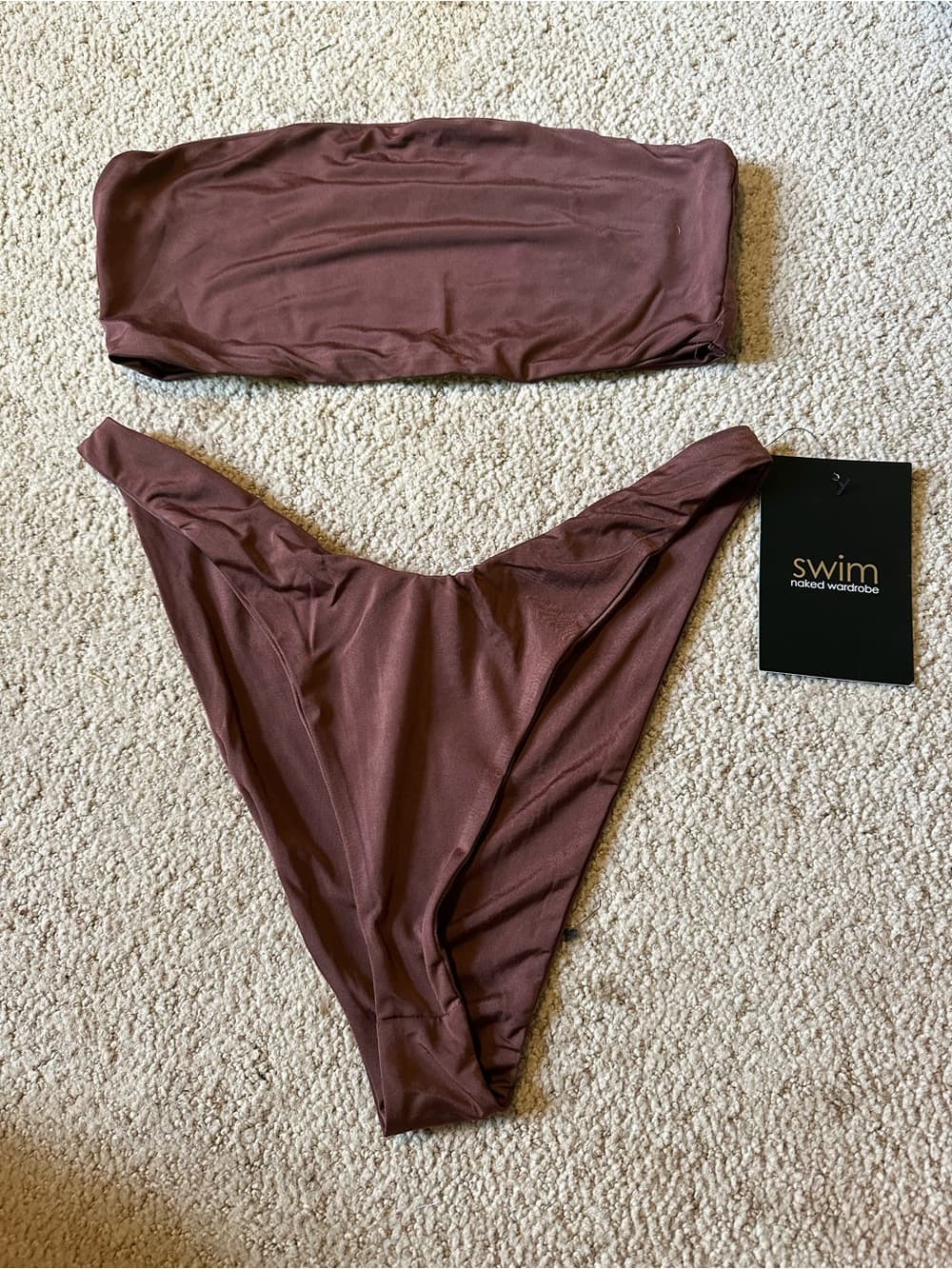 NWT Naked Wardrobe bikini set brown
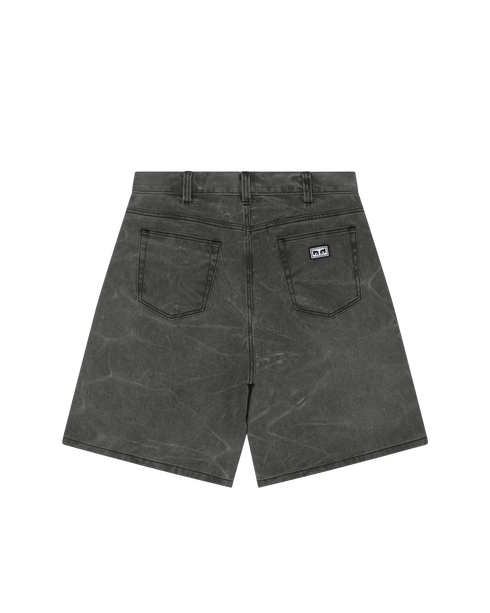 Obey Bigwig Baggy Denim Short - Black Wrinkle Wash - Streetart.fr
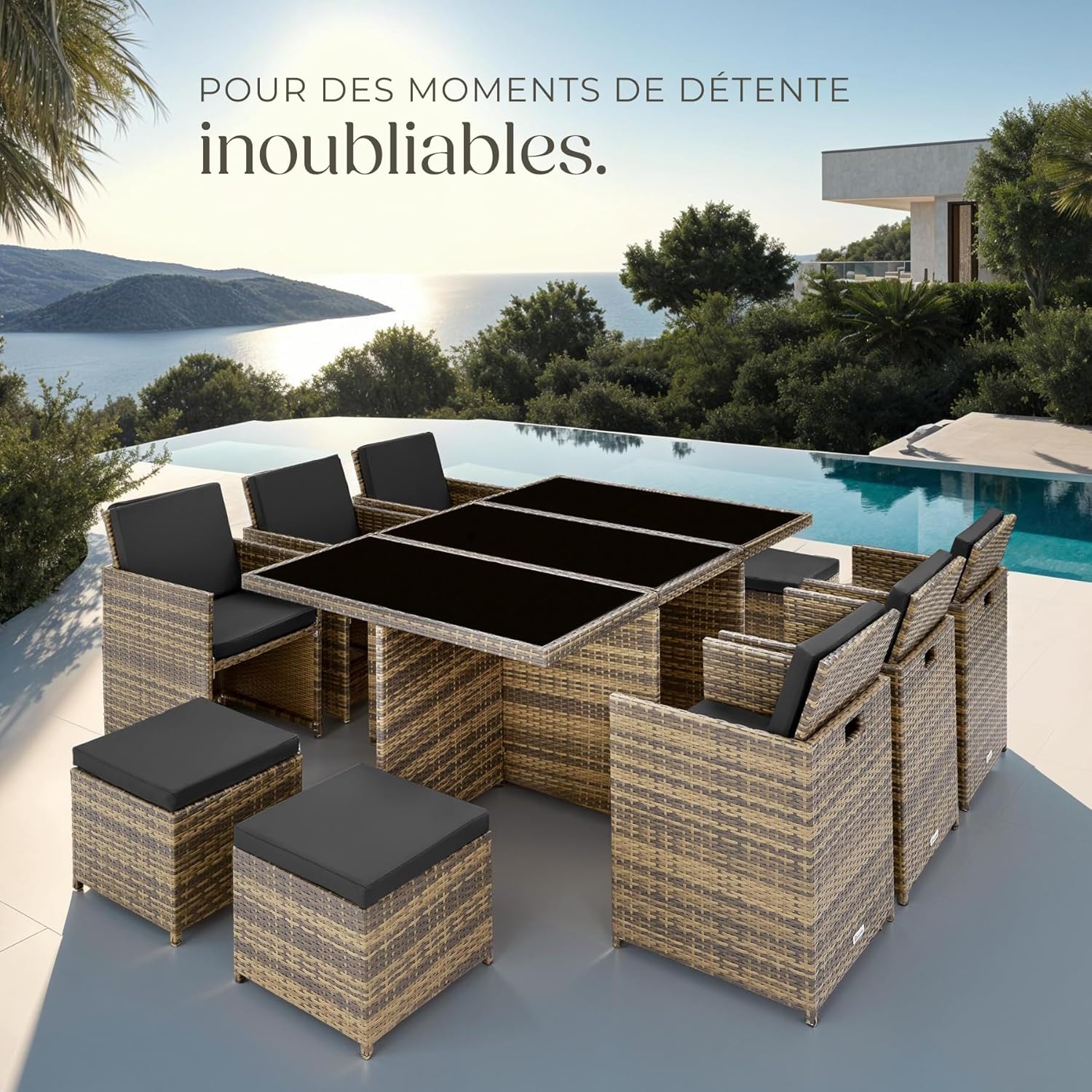 tectake - Salon de jardin résine tressée 10 places - Aluminium, housses et protection, Marron naturel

************

Retype each line of the listing above word for word. Exclude the pictures.

 NWT Naked Wardrobe bikini set brown
 Obey Bigwig Baggy Denim Short - Black Wrinkle Wash - Streetart.fr
 tectake - Salon de jardin résine tressée 10 places - Aluminium, housses et protection, Marron naturel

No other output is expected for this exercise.